Tout d’abord, j’aime beaucoup sa façon de dialoguer. Dès que quelqu’un lui adresse la parole, elle ne lui répond pas, non, elle garde pour elle tout ce qu’elle pense, et elle « tourne les talons ». J’ai renoncé à compter le nombre de fois où cela se produit. J’aurai cependant aimé une description approfondie des talons : plat, aiguille, compensé, italien ? Il faut attendre le dernier tiers du livre pour qu’elle dise enfin en face ce qu’elle pense. Pas souvent non plus : le mensonge est parfois une stratégie pour découvrir la vérité, ou pour couvrir un ami.

Ensuite, elle est d’une bêtise incommensurable. Elle ne se rend compte de rien, et ce n’est pas peu dire. Autant de naïveté, c’est sympathique pour surprendre le lecteur – sauf que parfois, il n’en a pas envie, et voudrait juste une narratrice un peu plus observatrice.

IL faut dire qu’elle a souffert dans la vie. Mais cela ne se voit pas trop. Son père est parti acheter des cigarettes trois ans plus tôt et n’est jamais revenu. Je connaissais le cliché, mais jamais appliqué à sa propre fille. Elle vit avec sa cousine, elle travaille pour gagner sa vie et payer ses études – mais je ne me souviens pas d’une seule scène où on la voit travailler. Puis, elle a perdu sa meilleure amie dans des circonstances atroces, elle a de la peine. C’est vraiment bien qu’elle le dise, parce que, franchement, cela ne se voit pas ! Je la comprends, Mac, de ne montrer aucun chagrin : le fantôme de son amie lui rend fréquemment visite, et elle ne correspond pas à l’image que je me fais d’une meilleure amie défunte. Il est clair qu’elle semble détester Mac, qu’elle est froide, distante, cynique, odieuse même.

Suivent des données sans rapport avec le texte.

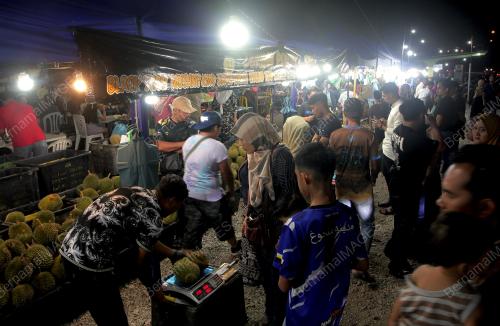 GERAI MENJUAL BUAH DURIAN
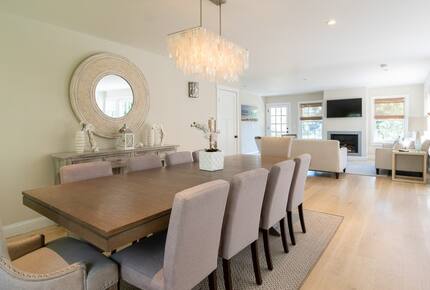 Exquisite Six-Bedroom Retreat in Nantucket Historic Downtown - Nantucket, Massachusetts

Qu’a bien pu faire Mac pour susciter tant de haine ?

On le saura – un peu. Amy garde ses secrets, et ce que l’on découvre au cours de la lecture est invraisemblable – même pour un roman de loup-garou ! Je n’ai garde d’oublier la traditionnelle intrigue amoureuse. Mac a bien de la chance : deux garçons l’aiment, et tous deux ne veulent qu’une chose : la protéger. N’est-ce pas mignon ? Bien sûr, j’ai pensé à Twilight – et j’ai largement préféré cette quadrilogie, c’est vous dire le niveau d’Hemlock.